Я урезал свою жизнь», — сказал он мне. «Мне не нужно много. У меня есть вся компания, которую я хочу держать прямо здесь. Он выстрелил себе в голову пальцами. «Люди не понимают, что нужно жить просто. Они назначают встречи на весь день. Они даже планируют собственную смерть. Впервые у них будет свобода быть самими собой, когда их больше не будет. Но здесь, наверху, нет ничего, кроме меня и неба. Миллион миллиардов звезд.
Конечно, с увеличением количества самолетов увеличивается возможность сбивать своих врагов, но в то же время увеличивается и возможность быть сбитым самому.
Небо разрывается. Он провисает и дышит на моем лице. В присутствии моих врагов, моих врагов Мир полон врагов. Нет безопасного места.
В мире поп-знаменитости планка опущена настолько, что ее нет. Люди могут быть знамениты тем, что известны, известны тем, что известны, известны тем, что когда-то были знамениты, и, во многом благодаря Интернету, знамениты тем, что вовсе не известны.
Некоторые представители прессы, которые громко говорят о свободе печати, сами являются врагами свободы. Бесчисленное количество людей не осмеливается ничего сказать, потому что они знают, что пресса подхватит это и воспеет.
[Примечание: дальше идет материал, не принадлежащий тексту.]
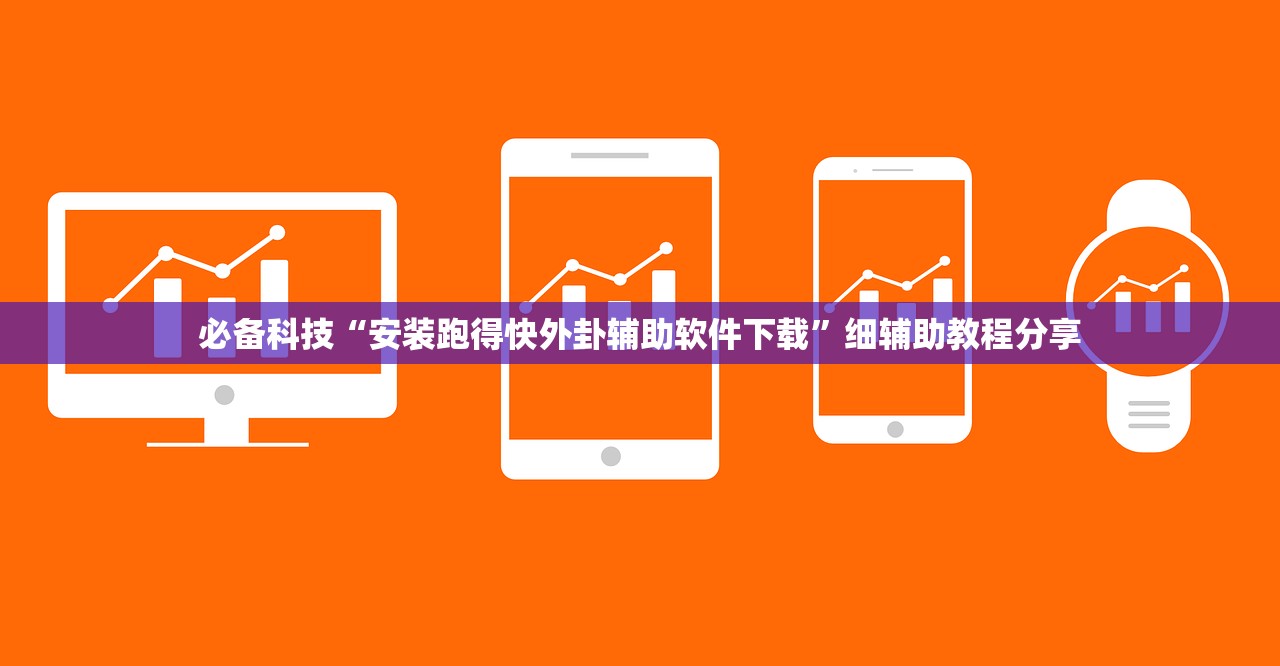 辅助开挂工具“牌乐门麻将可以装挂吗”开挂(透视)辅助神器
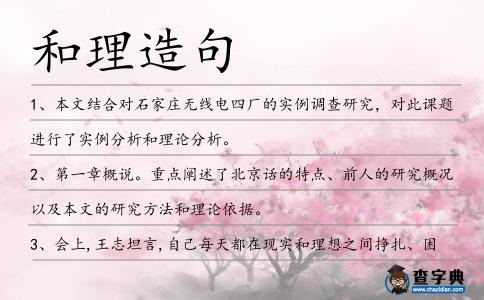和理造句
Что ограничивает свободу.
Некоторые представители прессы, которые громко говорят о свободе печати, сами являются врагами свободы. Бесчисленное количество людей не осмеливается ничего сказать, потому что они знают, что пресса подхватит это и воспеет. Что ограничивает свободу.
Было бы ошибкой сказать, что Сохраб молчал. Тишина — это покой. Спокойствие. Тишина — это уменьшение громкости на жизни. Тишина нажимает кнопку выключения. Выключение. Все это. Молчание Сохраба не было добровольным молчанием тех, у кого есть убеждения, протестующих, которые стремятся отстаивать свое дело, вообще не говоря ни слова. Это была тишина того, кто укрылся в темном месте, свернул все края и подоткнул их.
Я сказал своим детям, что, когда я умру, запустить воздушные шары в небо, чтобы отпраздновать, что я выпустился. Для меня смерть – это выпускной.
Над всем небом - небо! Далеко, далеко за пределами досягаемости, усыпанной вечными звездами.
Я всегда считал, что слава – это проклятие. Я никогда не завидовал никому из известных мне людей.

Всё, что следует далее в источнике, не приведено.